A minuta do contrato foi aprovada em 17 de Fevereiro, num despacho emitido pela câmara, disponível no portal de contratação pública Base, mas o documento propriamente dito só foi assinado em 5 de Março. Esse foi precisamente o dia em que o acórdão do Supremo Tribunal Administrativo (STA), datado de 12 de Dezembro de 2019, a proibir contratos entre empresas de presidentes de juntas e câmaras municipais, foi publicado em Diário da República. “O sócio e único gerente de uma sociedade empreiteira que seja, simultaneamente, presidente de uma junta de freguesia e, por inerência, membro da assembleia do respectivo município, está impedido de celebrar contrato de empreitada entre essa sociedade e este município”, refere a decisão do STA.

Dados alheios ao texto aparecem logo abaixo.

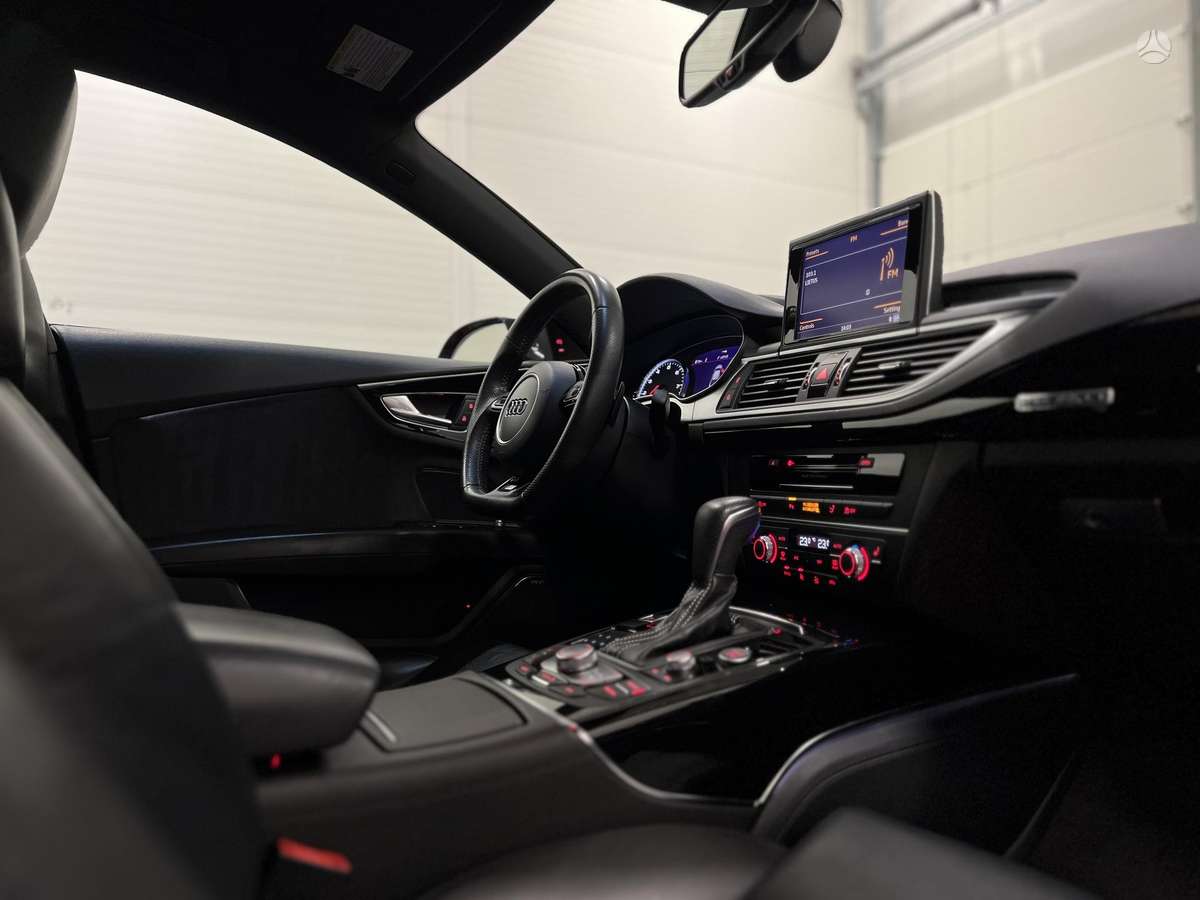 Audi A7, 3.0 l., saloon / sedan
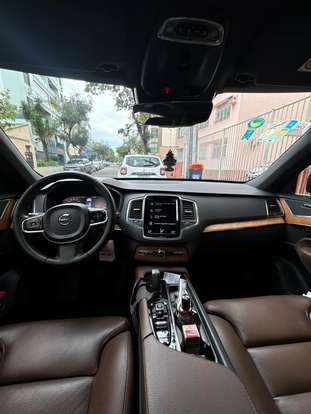 VOLVO-XC90-2020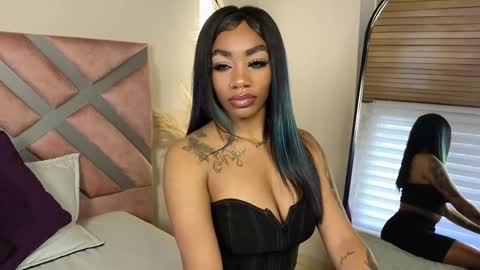 Snapshot of emely_brandon_ chatting on March 2025 04:20:01 PM anyelii online show from March 2025 04:20:01 PM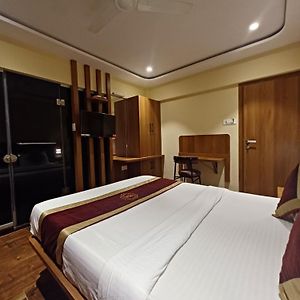 Hotel Ratna Mahal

Presidente da junta de Vila Nova de Sande desde 2009 e da união de freguesias desde 2013, sempre pelo PS, Bruno Oliveira celebrou um contrato que é “causa de perda de mandato”, por o ter colocado numa “situação que o tornou inelegível, não estando essa sanção dependente da maneira como o mandato é concretamente exercido”, lê-se ainda no acórdão.

Contactado pelo PÚBLICO, o autarca diz que o contrato foi celebrado em 5 de Março por “pura coincidência” e considera injusto ver “posto em causa” o seu trabalho, quer como presidente da junta, quer como empresário, já que, no caso do pavilhão do INATEL, venceu o concurso devido ao preço que apresentou. “Encarei este contrato como outro qualquer. Fui convidado a dar preço para uma obra. Tive o melhor preço para a obra e fui convidado a assinar o contrato”, disse. O portal Base mostra que os concorrentes para a obra foram as empresas Novais de Carvalho, Sublimar e Naturance, todas sediadas em Guimarães.

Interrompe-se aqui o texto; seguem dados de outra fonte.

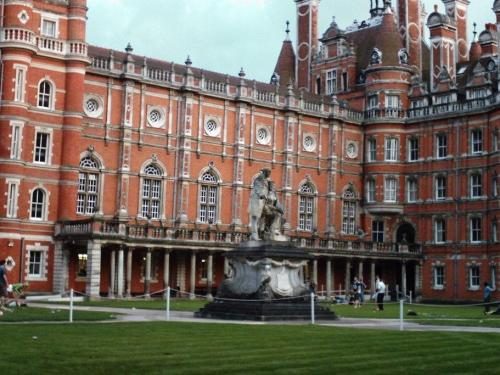 英國(guó)倫敦大學(xué)世界排名是多少？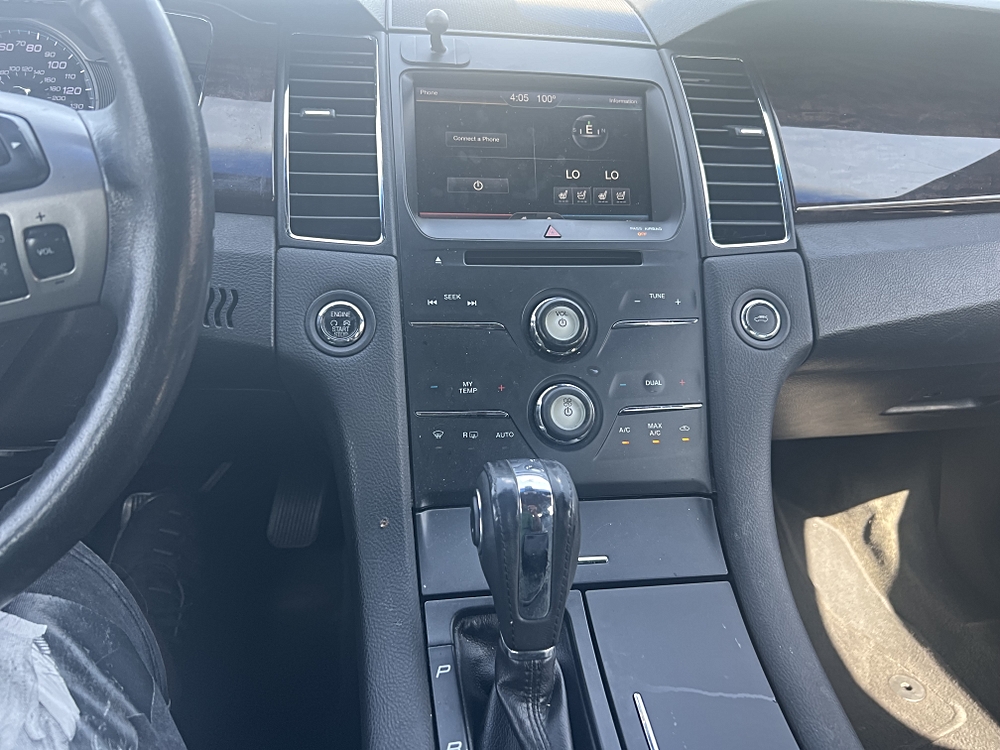 2015 Ford Taurus Limited - Photo 14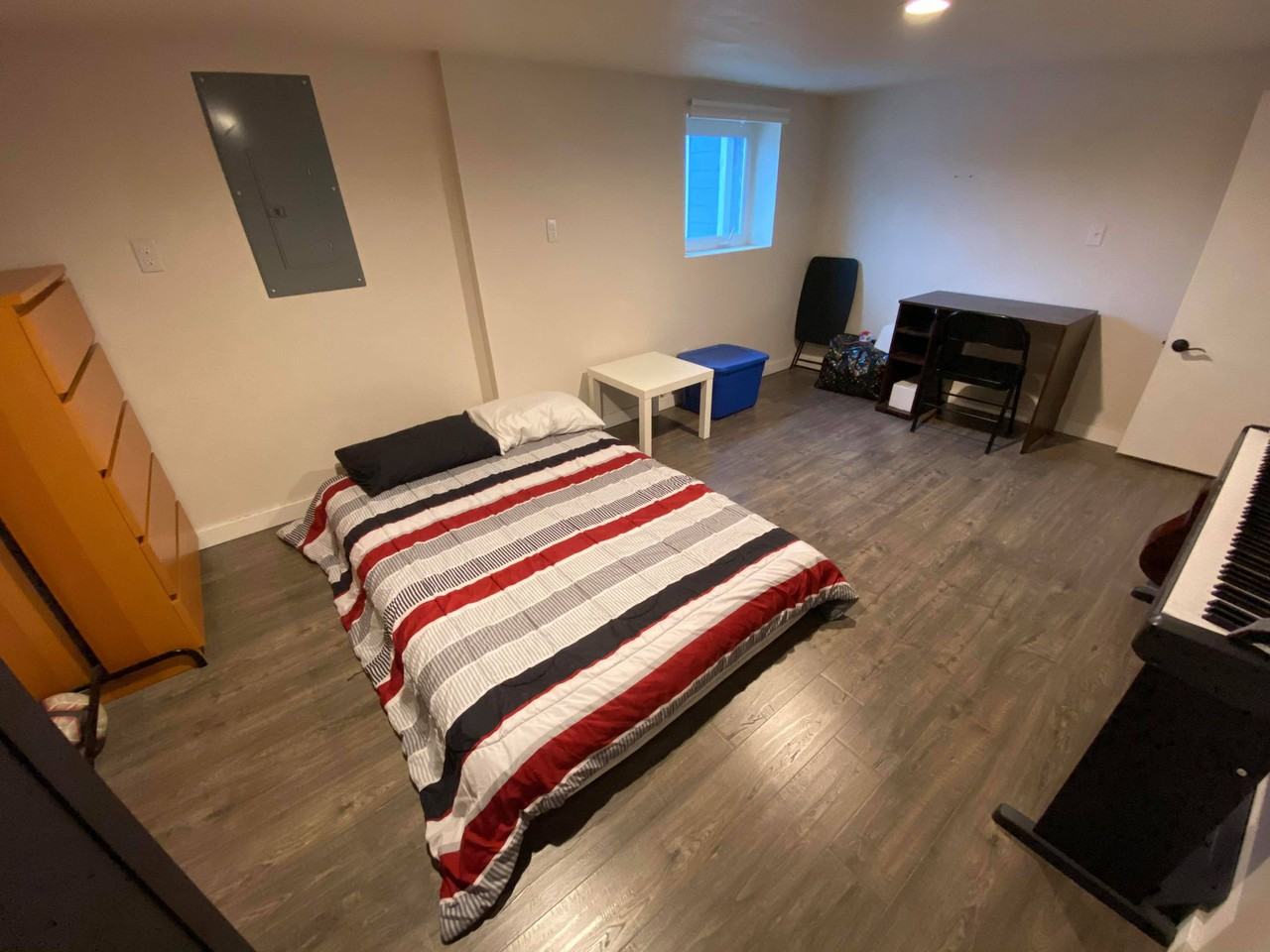 330 Wells Avenue North - Photo 3 of 6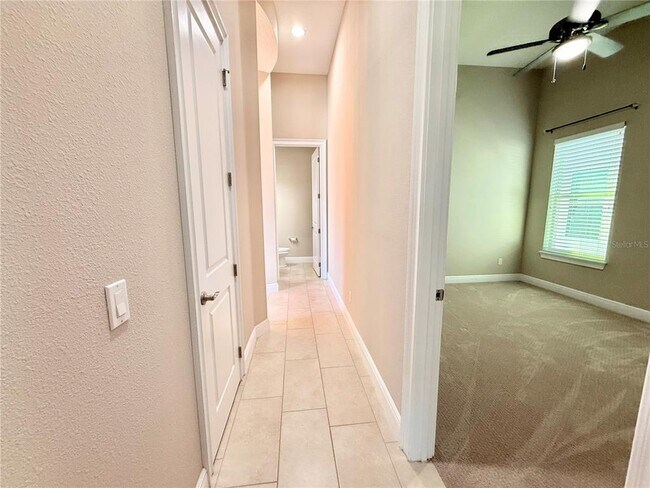 Building Photo - 11646 Hampstead St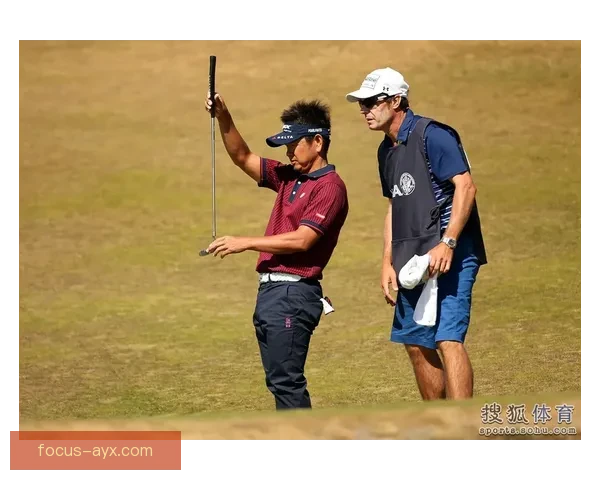 网球界最新动态：顶尖选手激烈争夺赛季冠军榜首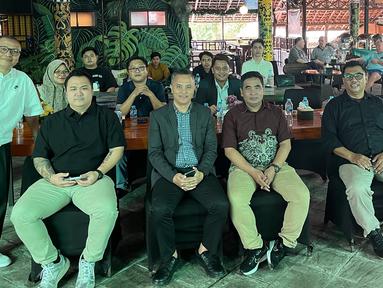 Indonesia Entertainment Group (IEG) selaku pihak yang ditunjuk oleh Grup Surya Citra Media (SCM) untuk mengelola kegiatan nonton bersama (nobar) resmi dari berbagai pertandingan olahraga nasional maupun internasional, kembali menggelar kegiatan sosialisasi di Batam sebagai bagian dari rangkaian roadshow nasional musim kompetisi 2026/2027. (Foto: Dok. IEG)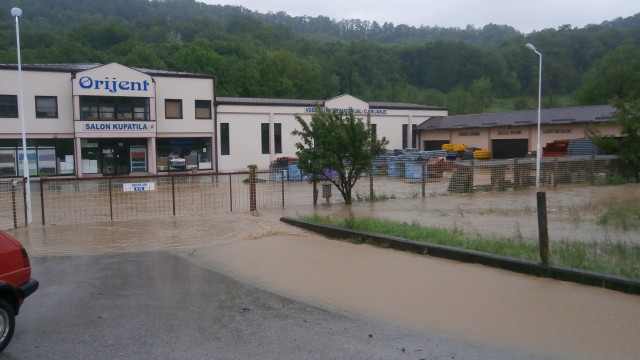 Poplavljen je prodajni objekat Orijent d.o.o. Srebrenik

Bruno Oliveira prometeu ainda deixar a política, caso se efective a perda de mandato. “Ando na política porque a minha freguesia é uma causa. Se não me deixarem trabalhar na minha freguesia, saio da política”, reiterou.

O contrato em causa foi discutido na reunião da Câmara Municipal de Guimarães, decorrida na segunda-feira. Hugo Ribeiro, um dos vereadores da oposição, formada exclusivamente pelo PSD, recordou que a “incompatibilidade” associada à Terraplanagens Falcão já tinha sido discutida no executivo e pediu ao presidente da Câmara para garantir o “estrito cumprimento da lei”. O socialista Domingos Bragança, que lidera a Câmara desde 2013, disse somente que a situação vai ser avaliada como “matéria jurídica”.

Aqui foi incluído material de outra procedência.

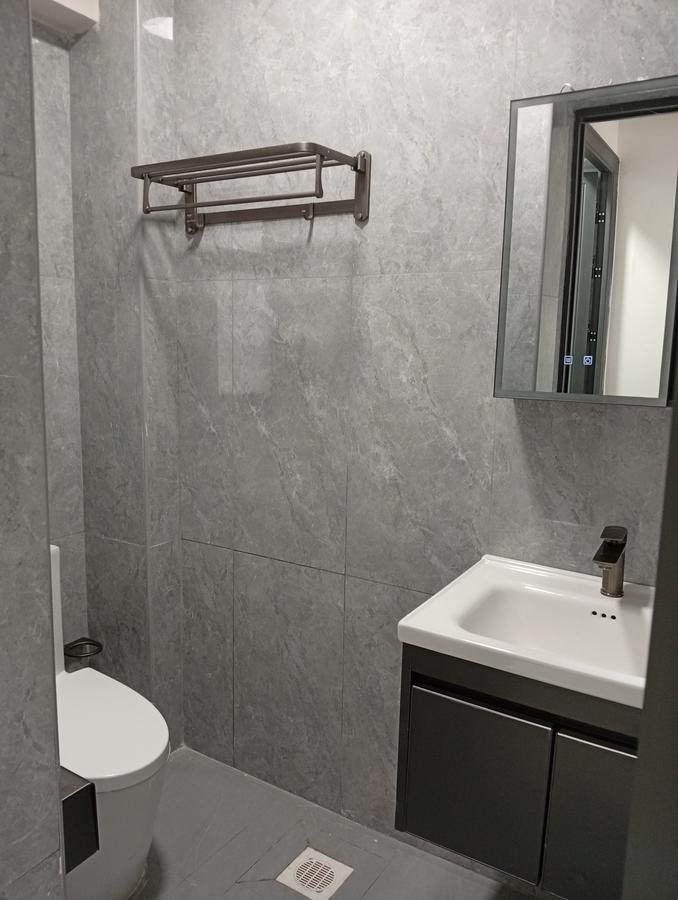 1 Bed Apartment with Gym in Kilimani - 14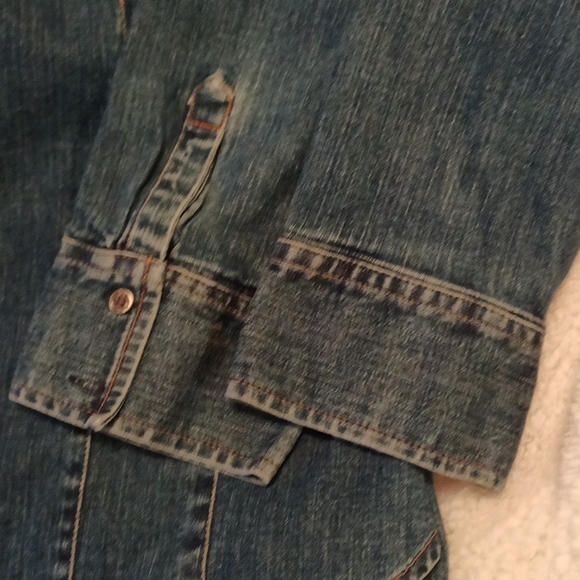 GAP Denim Jean Jacket - Picture 6 of 8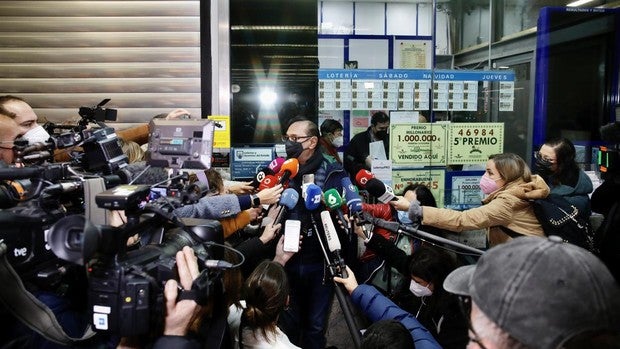 El primer premio se sube al tren de Atocha: «Me jubilé hace 15 días y he repartido 516 millones»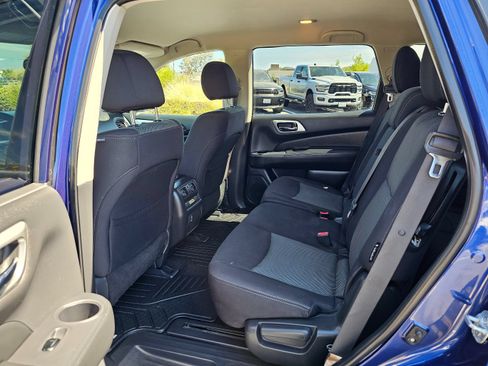 Used 2018 Nissan Pathfinder S FWD image 18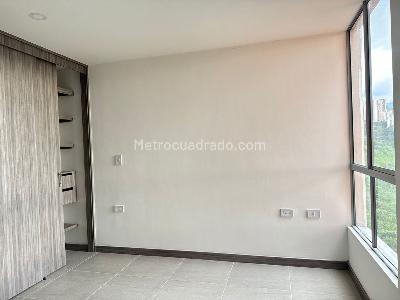 Apartamento de 3 alcobas en venta en Itagui, Itagüí, 77 m² · foto 10 de 18
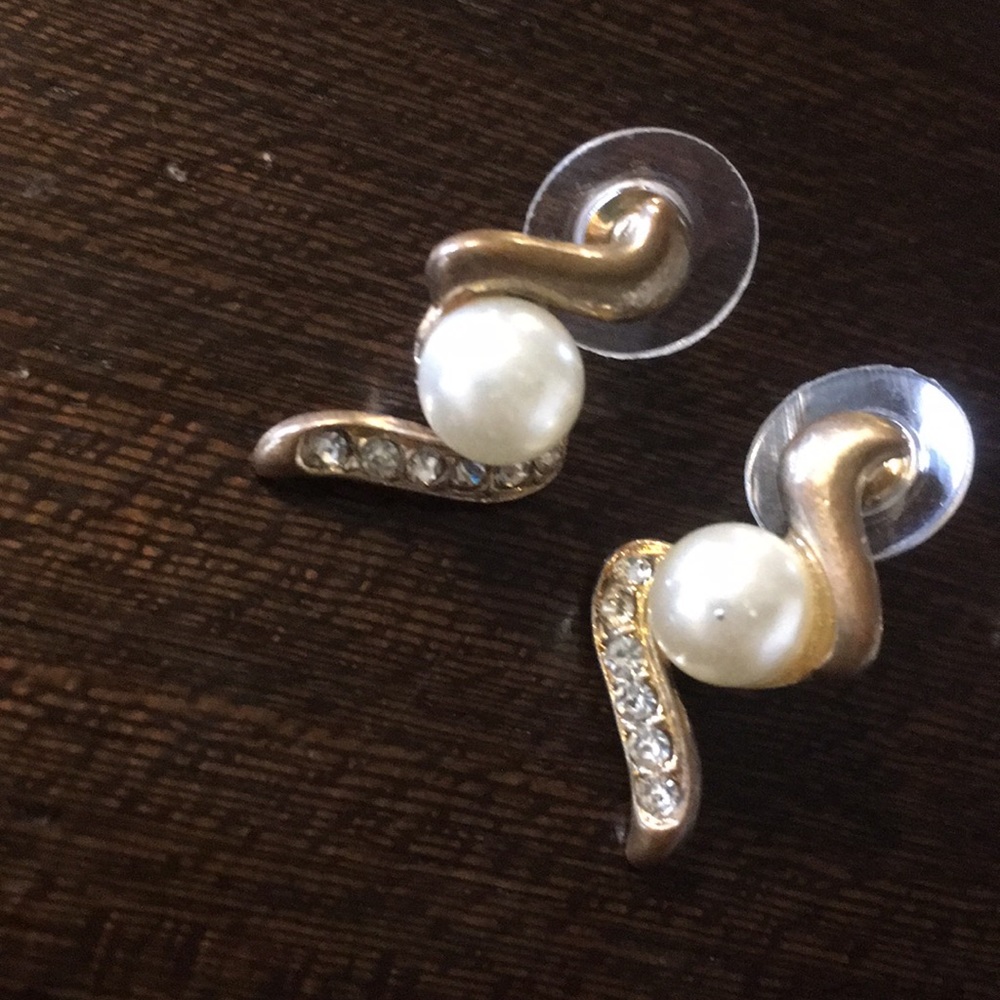 Earring bundle - Picture 3 of 3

Mais de 1,3 milhões em obras públicas

A Terraplanagens Falcão, adiantou ao PÚBLICO Bruno Oliveira, existe há cerca de 20 anos e começou a realizar obras públicas em 2009. Desde então, facturou 1,34 milhões de euros em 35 contratos celebrados com entidades públicas – 34 destinados a intervenções no concelho de Guimarães e uma no de Vizela. Até 2014, a empresa trabalhou sobretudo para a Vimágua, empresa intermunicipal de água e saneamento, e facturou pouco mais de 228 mil euros. Já as obras dos últimos seis anos abrangeram pavimentação de ruas e intervenções em passeios e escolas, tendo como clientes a câmara de Guimarães (678 mil euros) e quatro freguesias do concelho – Nespereira, S. Martinho de Candoso, Aldão e Infantas.

Bruno Oliveira adiantou ao PÚBLICO que a empresa se tem mantido “pequena”, com 18 trabalhadores, precisamente “para não ter de sair do concelho”. A empresa obtém “95% da facturação em Guimarães”, mas a câmara está longe de ser a principal cliente, alegou. “No ano passado, a minha empresa facturou entre 1,3 e 1,4 milhões de euros. No ano passado, as obras para a Câmara valeram cerca de 10% da facturação”, disse.